Em 1997, foi a vez do Planet Hemp sentir o peso da repressão. A banda, liderada por Marcelo D2 e BNegão, foi presa em Brasília logo após um show.
O motivo oficial foi apologia à maconha, segundo a polícia, que já estava de olho nos músicos. Mesmo antes das redes sociais, a operação foi um espetáculo: gravações escondidas, shows cancelados e cinco dias de cadeia. A imprensa burguesa tratou o caso como escândalo, reproduzindo o discurso moralista das autoridades, mas a reação contou com protestos, apoio de outros artistas e resultou no aumento nas vendas dos discos.

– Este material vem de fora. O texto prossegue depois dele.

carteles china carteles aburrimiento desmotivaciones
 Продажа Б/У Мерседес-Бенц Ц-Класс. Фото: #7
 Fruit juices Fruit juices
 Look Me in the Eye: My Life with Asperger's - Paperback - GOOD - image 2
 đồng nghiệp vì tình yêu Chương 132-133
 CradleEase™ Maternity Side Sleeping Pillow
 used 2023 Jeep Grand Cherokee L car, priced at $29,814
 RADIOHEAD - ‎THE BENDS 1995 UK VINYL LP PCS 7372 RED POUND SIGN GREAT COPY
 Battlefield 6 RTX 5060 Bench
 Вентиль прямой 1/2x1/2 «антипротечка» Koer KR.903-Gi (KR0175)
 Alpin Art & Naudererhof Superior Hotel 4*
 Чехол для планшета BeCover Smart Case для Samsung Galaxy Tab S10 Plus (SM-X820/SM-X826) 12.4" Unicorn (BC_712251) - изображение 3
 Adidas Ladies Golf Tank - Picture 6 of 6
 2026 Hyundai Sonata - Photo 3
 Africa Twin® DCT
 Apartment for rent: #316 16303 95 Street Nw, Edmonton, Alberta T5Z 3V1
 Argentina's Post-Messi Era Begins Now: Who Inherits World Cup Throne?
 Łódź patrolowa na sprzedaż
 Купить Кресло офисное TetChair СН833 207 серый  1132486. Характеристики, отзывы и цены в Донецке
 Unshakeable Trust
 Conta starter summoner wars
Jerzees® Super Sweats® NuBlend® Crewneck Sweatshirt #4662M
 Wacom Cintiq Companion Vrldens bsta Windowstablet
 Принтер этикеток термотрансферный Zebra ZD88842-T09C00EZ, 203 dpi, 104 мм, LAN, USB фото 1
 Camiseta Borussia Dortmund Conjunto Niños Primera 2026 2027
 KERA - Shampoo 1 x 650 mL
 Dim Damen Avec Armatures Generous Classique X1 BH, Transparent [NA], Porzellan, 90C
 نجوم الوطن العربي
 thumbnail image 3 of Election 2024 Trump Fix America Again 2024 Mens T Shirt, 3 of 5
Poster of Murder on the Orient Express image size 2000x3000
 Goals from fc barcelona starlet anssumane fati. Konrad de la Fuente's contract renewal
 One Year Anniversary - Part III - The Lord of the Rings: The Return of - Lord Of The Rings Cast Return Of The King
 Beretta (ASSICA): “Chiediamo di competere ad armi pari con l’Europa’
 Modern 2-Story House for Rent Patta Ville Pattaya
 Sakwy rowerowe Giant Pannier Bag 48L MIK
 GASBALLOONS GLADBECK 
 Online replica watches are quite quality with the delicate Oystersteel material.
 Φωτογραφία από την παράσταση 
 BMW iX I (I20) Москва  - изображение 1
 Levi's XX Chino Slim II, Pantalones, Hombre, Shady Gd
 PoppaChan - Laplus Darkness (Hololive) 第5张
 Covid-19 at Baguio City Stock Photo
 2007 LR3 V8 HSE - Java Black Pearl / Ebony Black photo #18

Outro caso foi Rita Lee, ícone do rock brasileiro, que também não escapou da repressão. Em 2012, durante um show em Aracaju, ela foi detida por “desacato” depois de defender o público e criticar a truculência policial.
A imprensa, como de praxe, optou pelo sensacionalismo: manchetes sobre a “rainha da polêmica” e pouco espaço para discutir o abuso de autoridade, mantendo as cadelas de farda da burguesia intocadas. Não foi a primeira vez: ainda na ditadura militar, em 1976, Rita foi presa grávida, acusada de porte de drogas.
Na época, jornais sob censura pintaram a cena como exemplar contra os “subversivos”. Rita sempre negou a acusação e denunciou a armação policial. Além do funk e MPB, o rap também foi alvo. Em 2012, Emicida foi detido em Belo Horizonte após cantar “Dedo na Ferida”, música que critica a violência policial. O motivo oficial, tal qual Rita Lee, foi desacato.
O público reagiu na hora, protestando contra a prisão e levantando o dedo do meio para os policiais em um ato praticamente universal. A imprensa destacou a polêmica, mas as redes sociais explodiram em solidariedade ao rapper. Artistas e políticos denunciaram a censura e eventualmente até racismo, enquanto a direita aplaudiu a ação policial, mas em escala extremamente reduzida.
As artes visuais também não escaparam. Em 2017, Maikon K foi preso em Brasília durante uma encenação com nudez artística, autorizada pelo Museu Nacional da República. A PM invadiu o espaço, interrompeu a apresentação e levou o artista para a delegacia, acusando-o de ato obsceno.
O caso ganhou destaque na imprensa, que tratou o episódio como parte da “guerra cultural” que tomava conta do país logo após o golpe de 2016. Artistas, instituições e o público reagiram com protestos e campanhas em defesa da liberdade artística. Anos depois, a Justiça reconheceu o abuso e condenou o Estado a indenizar Maikon K.
A prisão de MC Poze do Rodo, porém, acontece em um momento de maior ofensiva contra os direitos democráticos e constitucionais do povo brasileiro. Por isso mesmo, representa um recrudescimento da cruzada contra a liberdade de expressão e a liberdade artística no País, o que deve ser energicamente combatido pelas organizações de esquerda e de defesa dos interesses populares.